受験戦線もいよいよ熱を帯びてくる時期ですが、一方で新年の足音も近づいてくる時期です。

さて、来る2021年は、中学でも新指導要領が適用され、つまり新たな教科書に基づいて授業が進められる初年度になります。

実はこの時期になると、新教科書やそれに適応した新たな塾向け教材に触れる機会も出てくるのですが、やはり事前に把握していた新単元や再編内容も含め、相当にインパクトのある改革元年となりそうなことに、危機感を拭えません。

特に来年受験生となる現在の中2世代は、改革初年度に受験を迎え、さらに3年後には新テキストに基づく共通テスト1年目の世代になります。つまり、節目節目で初見のテストに向き合うことになるため、相応の覚悟や準備が必要になってくるのです。

ではここで、改めてどういった観点で新指導要領に向き合っていくべきか、考えてみましょう。

英語がヤバい・・・

まず改革の旗頭とも言うべき科目なのが英語です。すでに2020年度から小学校高学年で科目化され、その内容も従来中学で扱っていた文法事項が一部含まれるなど、一気に英語学習の早期化が進むきっかけになりましたが、その流れを受けて、中学での学習内容も大きく変わります。

象徴的なのが、学習する語彙量の増加です。

これまでは、中学3年間で学習する語彙数は約1200~1300語でした(教科書によって異なる)。それが、科目化された小学校段階で既に約600語。加えて、2021年度から川口市で新たに採用される新教科書では、中学3年間でなんと約2300語もの語彙を学ぶことになります。つまり、中学修了段階で約2900語、これはこれまでの倍以上ものとてつもない量になります。

さらに文法面でも、これまで高校で扱っていた事項が一部中学に移行したり、学習時期が再編されたりします。あまりにも急激な変化に中学生たちはもちろんのこと、肝心の現場レベルでも混乱必死。間違いなく、ついて行ける子とそうでない子の二極化は一層顕著なものになるでしょう。

問題文が長文化

英語ほど極端なものではないにしろ、他の科目でも同様に大きな変化は認められます。

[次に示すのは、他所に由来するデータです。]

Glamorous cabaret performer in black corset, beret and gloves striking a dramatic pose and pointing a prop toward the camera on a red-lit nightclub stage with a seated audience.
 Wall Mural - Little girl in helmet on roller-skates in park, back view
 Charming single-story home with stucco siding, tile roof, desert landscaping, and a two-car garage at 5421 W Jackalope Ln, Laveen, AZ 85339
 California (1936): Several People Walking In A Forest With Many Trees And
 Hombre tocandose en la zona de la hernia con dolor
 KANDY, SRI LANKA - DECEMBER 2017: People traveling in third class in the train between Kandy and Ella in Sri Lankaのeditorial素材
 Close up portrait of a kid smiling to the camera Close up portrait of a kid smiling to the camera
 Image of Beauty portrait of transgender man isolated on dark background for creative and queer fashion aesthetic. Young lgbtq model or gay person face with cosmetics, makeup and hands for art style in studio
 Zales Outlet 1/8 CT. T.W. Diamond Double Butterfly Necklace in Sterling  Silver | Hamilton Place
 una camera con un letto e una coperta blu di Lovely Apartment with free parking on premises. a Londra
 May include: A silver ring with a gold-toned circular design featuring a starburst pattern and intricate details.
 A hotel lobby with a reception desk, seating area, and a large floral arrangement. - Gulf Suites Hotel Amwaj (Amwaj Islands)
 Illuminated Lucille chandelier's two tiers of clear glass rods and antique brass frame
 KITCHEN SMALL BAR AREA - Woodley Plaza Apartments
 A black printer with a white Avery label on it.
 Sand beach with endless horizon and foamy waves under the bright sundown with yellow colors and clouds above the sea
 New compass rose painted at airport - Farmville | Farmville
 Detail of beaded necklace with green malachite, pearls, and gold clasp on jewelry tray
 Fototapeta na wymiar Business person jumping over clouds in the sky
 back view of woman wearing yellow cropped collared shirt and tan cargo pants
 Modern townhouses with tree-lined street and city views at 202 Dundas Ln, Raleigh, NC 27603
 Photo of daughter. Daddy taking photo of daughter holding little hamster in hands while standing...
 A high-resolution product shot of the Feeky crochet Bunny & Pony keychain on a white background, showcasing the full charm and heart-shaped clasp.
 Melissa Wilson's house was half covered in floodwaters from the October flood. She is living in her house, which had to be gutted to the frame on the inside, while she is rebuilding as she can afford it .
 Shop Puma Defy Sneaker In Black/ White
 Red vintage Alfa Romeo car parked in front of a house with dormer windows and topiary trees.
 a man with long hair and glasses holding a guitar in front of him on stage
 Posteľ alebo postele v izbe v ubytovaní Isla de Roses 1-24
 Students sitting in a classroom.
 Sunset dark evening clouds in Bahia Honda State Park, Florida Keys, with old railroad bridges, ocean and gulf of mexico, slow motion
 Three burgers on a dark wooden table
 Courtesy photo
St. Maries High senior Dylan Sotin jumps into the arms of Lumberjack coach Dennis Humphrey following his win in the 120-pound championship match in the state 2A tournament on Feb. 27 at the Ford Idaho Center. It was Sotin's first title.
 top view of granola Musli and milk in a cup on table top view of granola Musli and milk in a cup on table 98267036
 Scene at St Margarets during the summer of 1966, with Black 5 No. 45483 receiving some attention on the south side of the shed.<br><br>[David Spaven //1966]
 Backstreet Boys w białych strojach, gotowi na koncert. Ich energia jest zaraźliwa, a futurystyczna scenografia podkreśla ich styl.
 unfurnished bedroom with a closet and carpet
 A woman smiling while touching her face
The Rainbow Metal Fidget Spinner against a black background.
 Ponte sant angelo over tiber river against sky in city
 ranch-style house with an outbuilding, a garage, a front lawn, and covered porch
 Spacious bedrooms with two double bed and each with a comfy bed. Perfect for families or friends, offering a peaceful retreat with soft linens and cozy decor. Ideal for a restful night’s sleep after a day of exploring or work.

その一つの特徴が「より実生活に即した内容」への変化です。

そして、それによって何が起きるかと言えば、解説の対話文化や、前提条件の複雑化に伴う問題文の長文化です。

つまり、例えば理系科目であれば、公式や定理の類を押さえ、それに基づいて数字を当てはめて・・・といった安易な構造では対応できなくなり、問題文をしっかり読み解き、何を言わんとしているのか、あるいは何を問うているのかをしっかり理解する読解力と想像力が、前提として求められるようになるのです。

そういった点では、国語という案外疎かにされがちな基幹科目の重要性が、これまで以上にクローズアップされるようになるかもしれません。


現段階では来春以降、どういった運用がなされるのか、あるいはどういった現象が生じるのか、まだ憶測の域は出ません。しかし、相当の危機感や覚悟、もっと言えば準備ができていなければ、結果的に翻弄されるのは子供たちです。

また、来春中学で新教科書が導入されるという短期的なイベント的観点だけでなく、さらにその3年後には、新教科書=新指導要領に基づいて初めて行われる共通テスト世代にもなってくるという長期的視点で見れば、一層考えるべきことは増えてきます。

大切な子供たちの未来を巡る攻防は、既に始まっていると言って過言ではないでしょう。